Arabidopsis AGC3 kinases and PIN plasma membrane abundance
The plant hormone auxin plays a central role in the growth and development of plants. Auxin acts in a concentration dependent manner and polar cell-to-cell transport of this hormone determines its distribution in the tissues of plants. This polar auxin transport is mediated by several families of auxin transporters, including the PIN FORMED (PIN) auxin efflux carriers that determine the direction of transport by their polar localization at the plasma membrane.
- Kasper van Gelderen
- 06 July 2017
- Thesis in Leiden Repository
The plasma membrane abundance and polarity of PINs (and thereby of polar auxin transport) is regulated by their post-translational modification, of which phosphorylation is best studied.

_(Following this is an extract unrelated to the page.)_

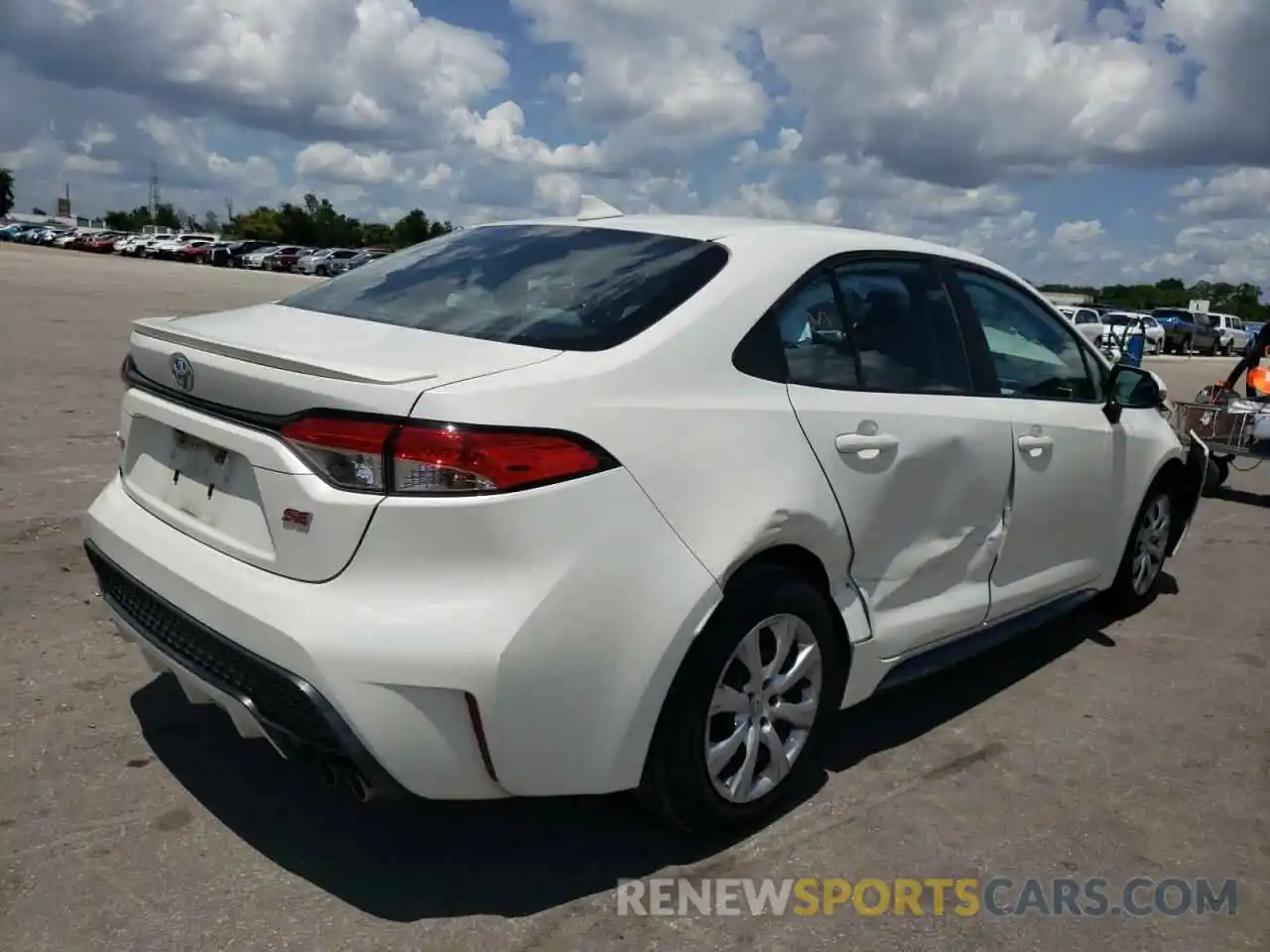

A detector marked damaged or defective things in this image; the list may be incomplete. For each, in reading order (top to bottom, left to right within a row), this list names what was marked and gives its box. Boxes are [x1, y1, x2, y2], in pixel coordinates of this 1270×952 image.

PIN proteins in Arabidopsis consist of two transmembrane domains separated by a ‘long’ (PIN1,2,3,4,6,7) or by a ‘short’ (PIN5,8) hydrophilic loop. Phosphorylation of ‘long’ PINs in their central hydrophilic loop by the AGC3 kinases PINOID, WAG1 and WAG2 triggers shootward (apical) or outer-lateral polarity. The AGC1- type D6 kinases also phosphorylate the PIN hydrophilic loop, however this was reported to result in auxin transport activation rather than subcellular polarity establishment. Here we investigate the conservation and phylogeny of AGC3 and D6 kinases and their phosphorylation sites in PINs from the earliest land plants to flowering plants. In early land plants, many of the same proteins and conserved motifs can be found, however it is in monocots and dicots that conservation of PIN phosphorylation by AGC3 and D6 kinases is strongest. The expansion and increased conservation of AGC3 and D6 kinases and PINs in later lineages such as monocot and dicot flowering plants, is in line with their important role in the formation of reproductive organs and in the tropic growth responses that allow plants to adapt to changes in their environment.